降り注ぐ罵声。無数の憎しみが、私ひとりに向かっている。
石畳を進む足元に、石が飛ぶ。
一つ、また一つ、頭をかすめ、頬を打ち、視界はじんわりと紅に染まっていく。
それでも、私は歩き続ける。
背筋を伸ばし、下を向かずに。
ああ、なんと滑稽か。
群れることでしか己の正しさを証明できない人間たちが、さも当然の顔で、石を握っている。
背後にそびえる城砦。
神の名を借りて、罪の選別をする場所。
今日も誰かが、嘘と欲で秩序を保っている。
ああ、本当に。この世界は、どこまでも理不尽だ。
選ばれた者がルールで、欺瞞が正義で、黙って従えば、きっと安らかに死ねる。
私は、そんな世界に祈りを捧げた。
そして、“聖女”と呼ばれた。
──そして、それはきっと、間違いだった。
「――全部、ぶっ壊してやる。
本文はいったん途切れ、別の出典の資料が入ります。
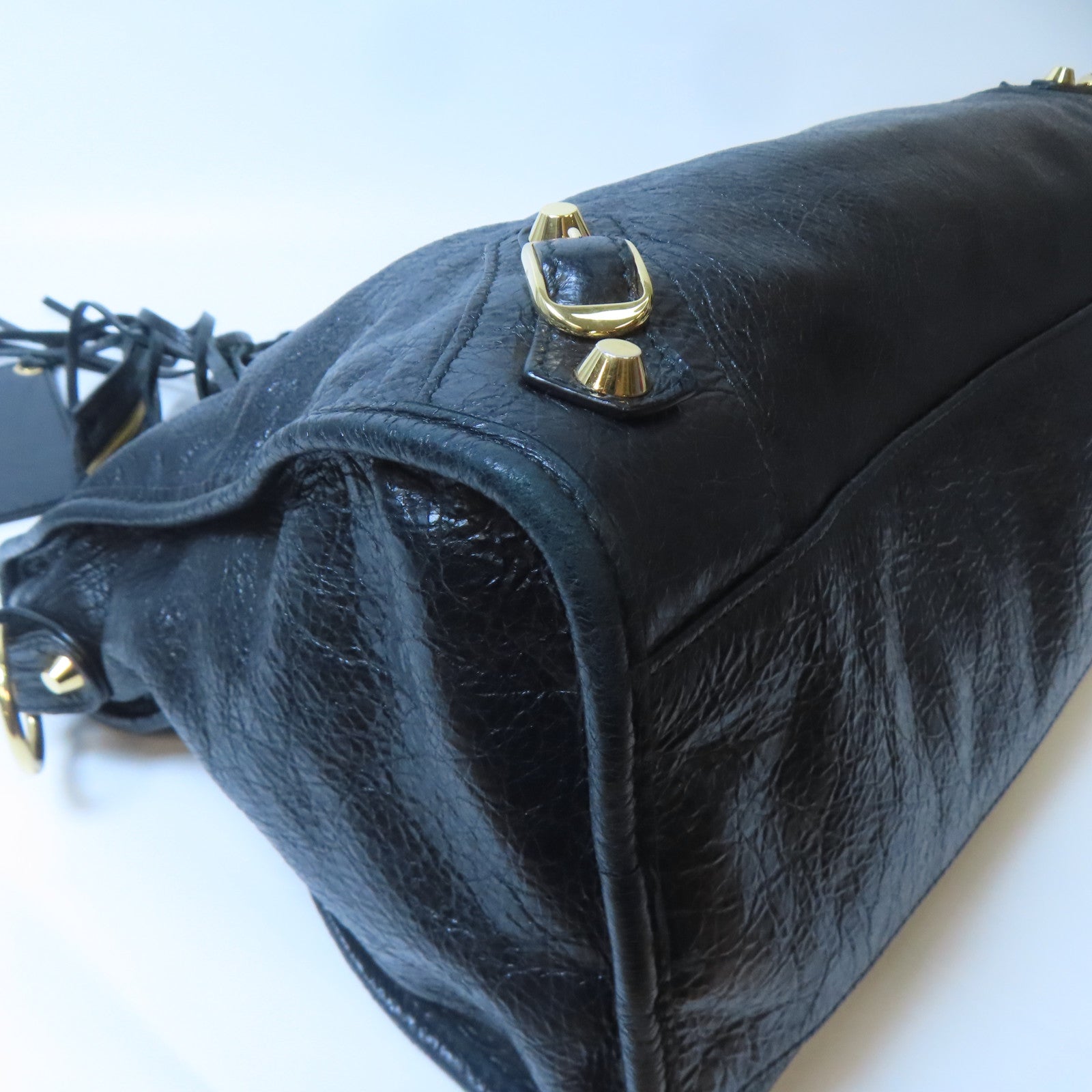 BALENCIAGA 羊皮皮革Classic City金扣手挽肩背兩用袋黑色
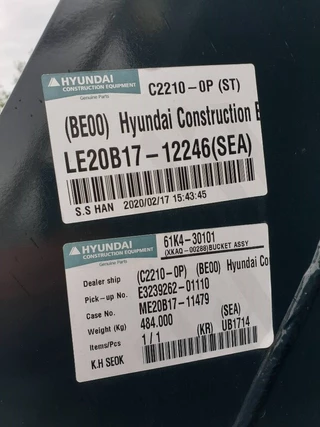 Hyundai N/A - Excavator digging bucket 140, 61K4-30101 image 6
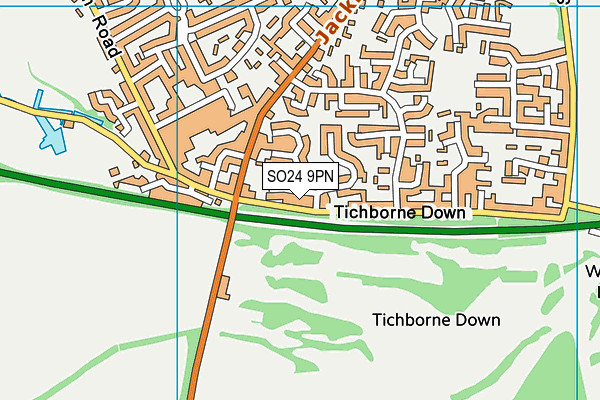 SO24 9PN map - OS VectorMap District (Ordnance Survey)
」
醜い人間も、よくできた建前も、私の信じた“正しさ”も。
壊して、壊して、塵も残さず潰してやる。
この選択の先に、素敵な未来が待ってるとは思っていない。
けれどせめて――この茶番は私の手で幕を下ろそう。
だってこれは、“選ばれなかった”私に許された。たった一つの“主役の椅子”なんだから。